Lastly, I understand how a long-term low-carb diet may lead to an earlier death than other diets because some people replace the carbs with very fatty meats for breakfast, lunch, snack, and dinner. I suspect that, in the studies with decreased cholesterol levels from the low-carb diet, the participants were consuming mostly (if not all) lean meats, poultry, and fish and that they were prepared in a healthy way most of the time. I do not believe that a low-carb diet is license to eat 5 strips of bacon for breakfast each morning, a porterhouse steak for lunch each day, and fried chicken (naked) for dinner each night. In the end, unhealthy eating is unhealthy eating regardless of the diet you choose.
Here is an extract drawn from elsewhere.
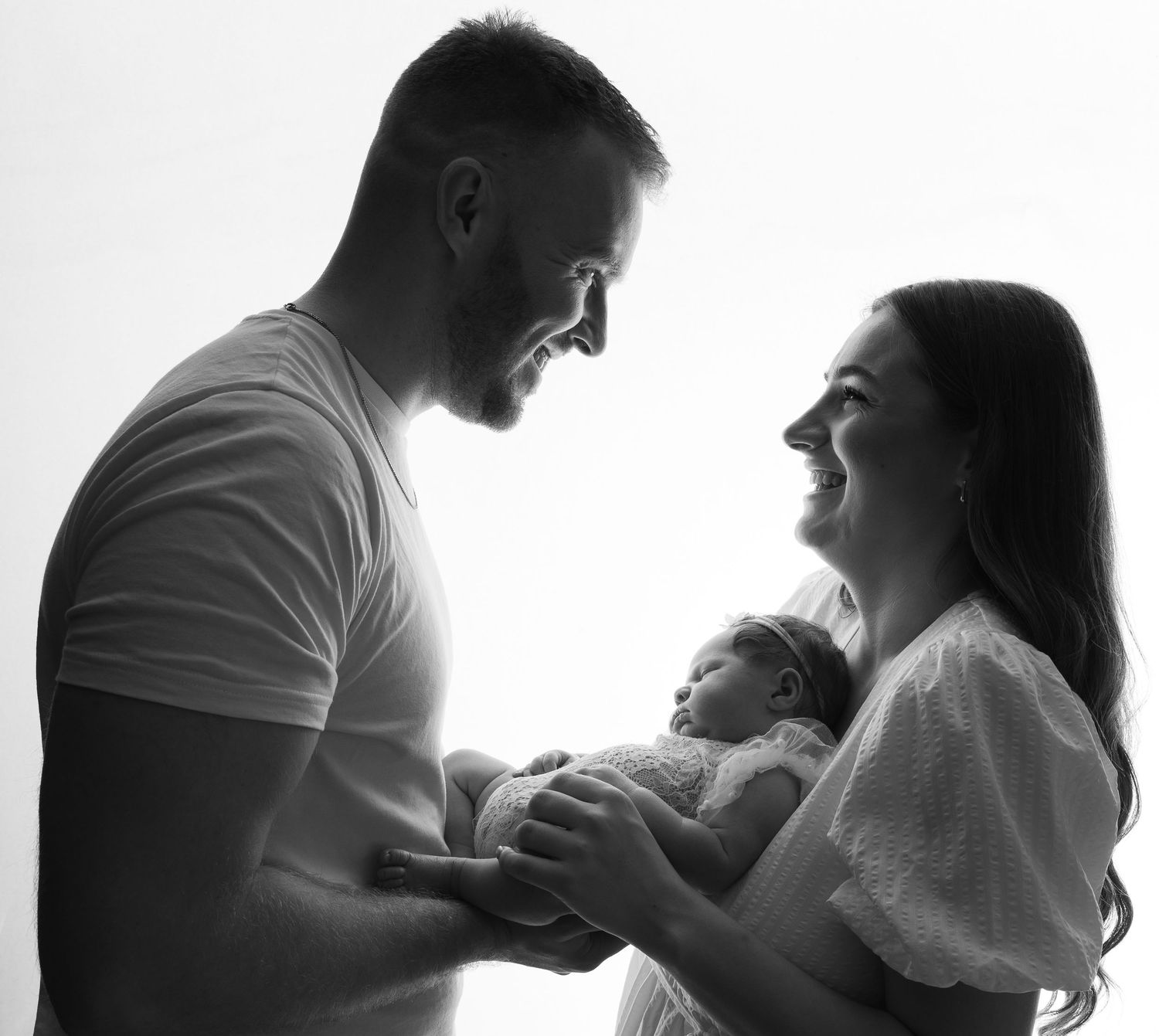 A parent and baby wearing matching pink tulle dresses lay on a pink tulle backdrop in a dreamy portrait setting.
Even on a low-carb diet, balance should be the goal.
For a list of low-carb foods, click here (also referenced below).
Boyles, Salynn, WebMD, March 14, 2005, “Why Do Low-Carb Diets Cause Weight Loss?” https://www.webmd.com/diet/news/20050314/why-do-low-carb-diets-cause-weight-loss#2
Ede, Georgia, MD, Psychology Today, Sep 05, 2018, “Latest Low-Carb Study: All Politics, No Science”
Gunnars, Kris, BSc, Healthline, June 22, 2017, “23 Studies on Low-Carb and Low-Fat Diets — Time to Retire The Fad,” https://www.healthline.com/nutrition/23-studies-on-low-carb-and-low-fat-diets#section4
Gunnars, Kris, BSc, Healthline, July 9, 2018, “44 Healthy Low-Carb Foods That Taste Incredible”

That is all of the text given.